Rui, tal como Sara, nunca tinha tido grande contacto com marionetas. “Desde o início que é isso que mais me interessa e cativa: a construção da ilusão, seja no teatro ou no cinema”, sublinha Rui. “Foi isso que me levou a querer trabalhar nos bastidores de um teatro. Sempre tive um fascínio especial pelos making-of dos filmes, principalmente, os filmes mais fantásticos, que envolviam sempre muito trabalho de efeitos especiais”. “O Alien, o Oitavo Passageiro (1979), do Ridley Scott, por exemplo, é feito com marionetas, mas depois tem um efeito incrível na tela”, refere, como exemplo.
Por falar em cinema, importa referir que, no mesmo ano em que fundaram a Red Cloud Teatro de Marionetas, além de terem sido convidados para assumirem a construção e manipulação em cena das marionetas do espetáculo “El Gato con Botas”, na emblemática Roya Opera House, em Londres, Rui e Sara foram também dois dos responsáveis pela criação da “baleia” que figura no filme As 1001 Noites, de Miguel Gomes. A cena icónica foi gravada na praia da Barra, em Ílhavo, e, antes de vir a público que aquele aparato se destinava a uma produção cinematográfica, muita gente acreditou que o elemento cénico era, na verdade, a carcaça de uma baleia verdadeira que tinha dado à costa. “Lembro-me que, no dia das filmagens, o pessoal da produção teve de segurar alguns curiosos que queria entrar à força no areal. Diziam que a baleia também era deles. Tivemos de lhes explicar que a baleia, na realidade, era um adereço, uma réplica em esferovite”, lembra Rui, entre gargalhadas.
Mas voltemos ao teatro e ao nascimento da Red Cloud. João Paulo Seara Cardoso viria a falecer em 2010 e, com o desaparecimento do mestre, “naturalmente, as coisas começaram a ficar diferentes” na companhia portuense, reconhece Rui. “Sentimos necessidade de mudar, de trabalhar noutro local. E porque não inventar esse local? Arriscámos”. Em 2013, ao fim de mais de uma década no Teatro de Marionetas do Porto, a dupla abandona a cidade invicta e funda o projeto Red Cloud Teatro de Marionetas. Com o apoio do Coletivo HUSMA, nas pessoas de Pedro Cardoso, João Apolinário e Nuno Cortez, a 10 de junho daquele mesmo ano, apresentam o primeiro espetáculo com a chancela da Red Cloud no 6.º Encontro Internacional de Marionetas de Montemor-o-Novo. ‘PLIP’ voltaria a palco em abril deste ano, desta vez, no “micro teatro” do Espaço Red Cloud Marionetas, no número 52A da rua Hintze Ribeiro, em Aveiro, como forma de comemorar a primeira década de atividade da companhia.

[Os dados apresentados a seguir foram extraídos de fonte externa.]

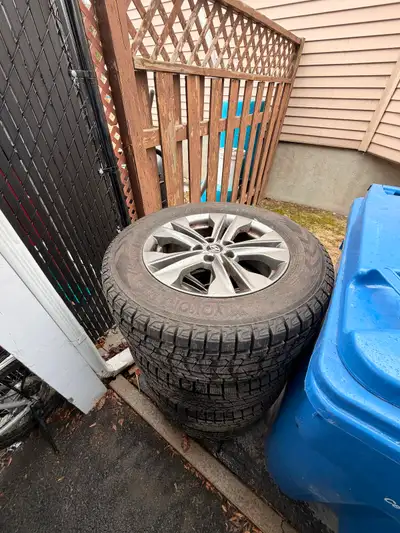 Tres bon pneus dhiver yokohama avec peu d’usure 235-65-17 montée sur mag de Hyundai Santafe blainvil...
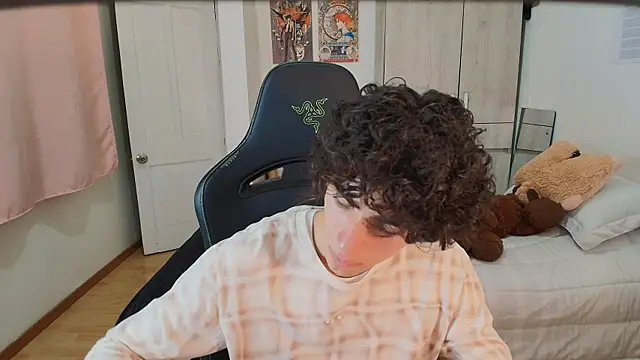 Nude Boy18 online show from 05-11-26, 11:46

O próximo espetáculo da Red Cloud Teatro de Marionetas, que tem estreia marcada para os dias 1, 2 e 3 de dezembro no auditório do Teatro Aveirense, tem por base a história de ‘Hansel e Gretel’ do conto tradicional dos irmãos Grimm. “O espetáculo parte do conto seu homónimo, em que é considerada a sua dimensão intemporal e tão familiar, permitindo tecer diversas ligações com a atualidade e reelaborando o próprio percurso de Gretel e Hansel, sob uma perspetiva de questionamento relativo ao significado de “Bruxa” na esfera do fantástico e da história social e humana”, pode ler-se no site da Red Cloud.